If you’ve ever seen an episode (or 10) of “The Big Bang Theory,” then you know this popular TV show is a comedy about very intelligent people working as research professors in subjects like particle physics.

While the characters in “The Big Bang Theory” make it seem like you need to spend years studying physics to understand the topic, if you are a fitness fanatic or even if you only manage to make it to the gym once a month, you are already a practicing physicist.

No matter how much you work out, you may already be as smart as Dr. Sheldon Cooper, the uber-nerdy character played by actor Jim Parsons. There are three simple laws, along with some important concepts, that can help you understand how you practice physics every time you work out. Knowing these simple principles and how to apply them can help you harness your inner geek to make your workouts even more impactful.

Newton’s Laws of Physics:

  1. Inertia: Otherwise known as momentum, this law states that a body at rest stays at rest unless acted on by an outside force. A weight, or any piece of equipment, remains in a static, stationary position until your muscles contract to generate the force required to move the weight (more on that in a moment).
  2. A force is the product of a mass and its acceleration as explained by the formula: F = ma, in which the mass is that of the object being moved and acceleration occurs when that object transitions from a state of rest to a state of motion. Applied to fitness, this rule tells us that when your muscles move (or accelerate) against a mass, they produce force. In general, the heavier the mass being moved, the more muscle force required to accelerate it from a state of rest.
  3. For every action, there is an equal and opposite reaction: When applied to exercise science, this becomes the SAID principle: Specific Adaptations to Imposed Demands. In other words, the body will adapt (reaction) to the method in which it is trained (action). When training on machines where the range of motion is dictated by the machine, the body does not have to account for the constant force of gravity and will react by becoming strong specifically for that machine. But the body may be weak when placed in an environment where it has to stabilize a resistive force against the constant pull of gravity. This is why it’s a good idea to vary your workouts between machines and free weights on a regular basis. Using machines can help you become stronger; using free weights can help you integrate that strength between a number of different muscles.
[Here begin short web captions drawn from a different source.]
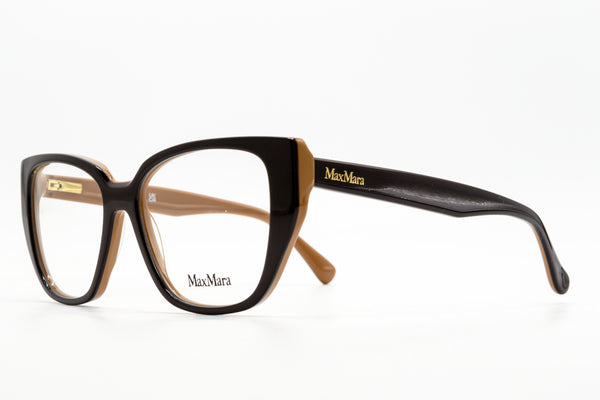 Max Mara MM5212 inclusief zonneclip!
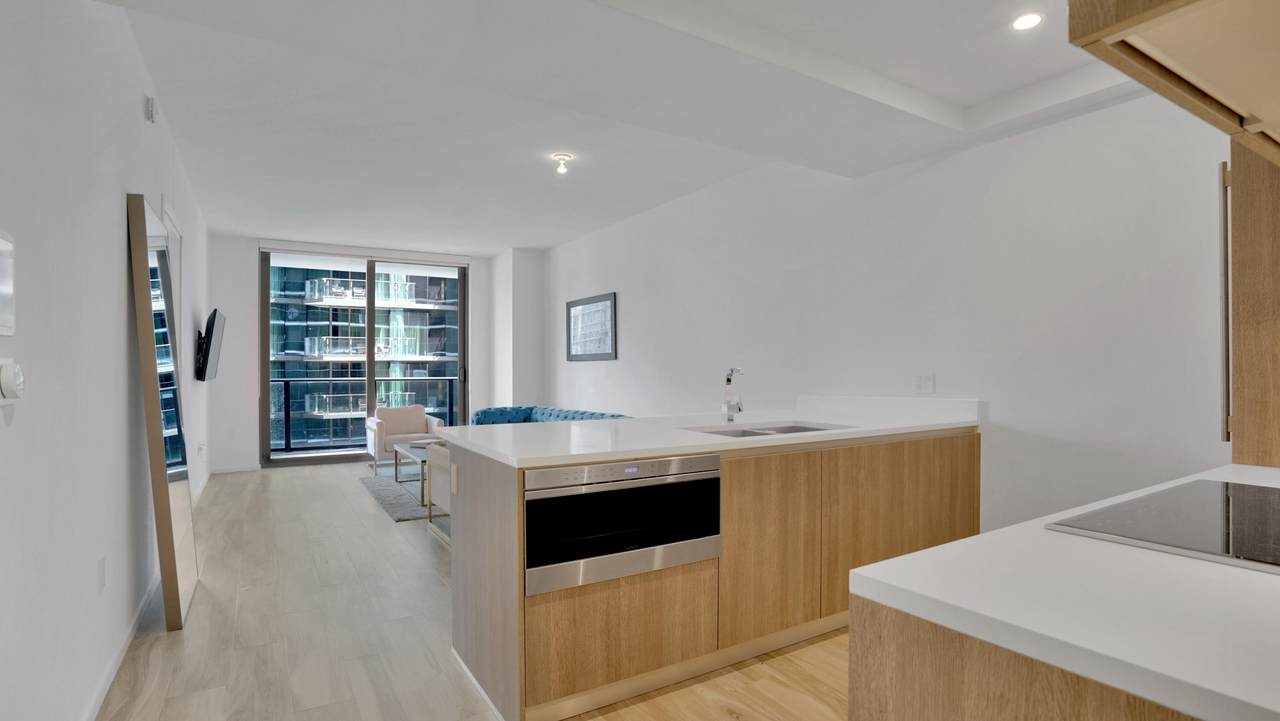 801 Miami Avenue - Photo 1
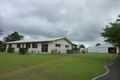 Property photo of 8 Jensen Street Cordalba QLD 4660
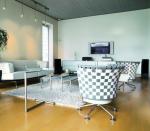 起居室设计效果图_052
Besides these three laws, it is important to understand some other basic principles of physics:

  • A calorie is a measure of unit of energy. It is the amount of energy required to heat 1 liter of water by 1 degree centigrade. If you eat a piece of food with 100 calories, it is providing 100 units of energy, which your body will either burn or store (as fat) to be used at a later date. (It takes about 100 calories to walk or run 1 mile.)
  • Velocity is the rate at which an object travels a specific distance in a certain time period— distance x time and is quantified as meters per second (m/s).
  • Acceleration is the rate at which an object increases in velocity with every additional second and is expressed as meters per second, per second (m/s2).
  • Work is the amount of force required to move an object a certain distance, described by the equation W = Fd, and is measured in newtons x meters. If a piece of equipment provides you information on joules, it is telling you the exact amount of work you are doing.
  • Power is the velocity of force production, or is the amount of work performed in a specific amount of time and can be expressed by the equation of either Power = Force x Velocity or P = Work/Time. The faster you can apply a force to move an object, then the greater amount of power you can generate, which is measured in watts, which is joules per second (J/s).

Why do the laws of physics matter to my workout?
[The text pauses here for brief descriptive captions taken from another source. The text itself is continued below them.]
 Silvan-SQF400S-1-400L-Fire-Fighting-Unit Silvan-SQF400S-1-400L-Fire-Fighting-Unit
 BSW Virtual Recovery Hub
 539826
Here’s why this information is important: If the “desired reaction” described above is a change to your body, it first requires taking specific actions (Newton’s third law). Want to improve aerobic efficiency to shave minutes off a race? Then you’ll have to perform an appropriate volume of running—the action—to initiate the desired change(s) in your body—the reaction.

Strength training is a function of the second law of physics. Moving a heavy mass with minimal acceleration will produce one type of strength. This can be observed in the sport of powerlifting, in which athletes compete to lift the most weight in the barbell deadlift, barbell squat and barbell bench press. Rapidly accelerating a mass generates a significant amount of power, which can be seen in the barbell snatch and barbell clean-and-jerk performed in the sport of Olympic weightlifting.

Keep in mind that muscles are programmed to contract by the nervous system. Doing the same weights for the same reps at the same tempo is like using an old flip phone from the early 2000s, which is hardly efficient in this modern age of smartphones. Training the muscles to increase their overall force output will then, according to the laws of physics, help you maximize the return on your time invested in exercising.

Thus, to get the greatest benefits from your workouts, it is important to do a variety of different types of exercise so that your body is exposed to a variety of different forces.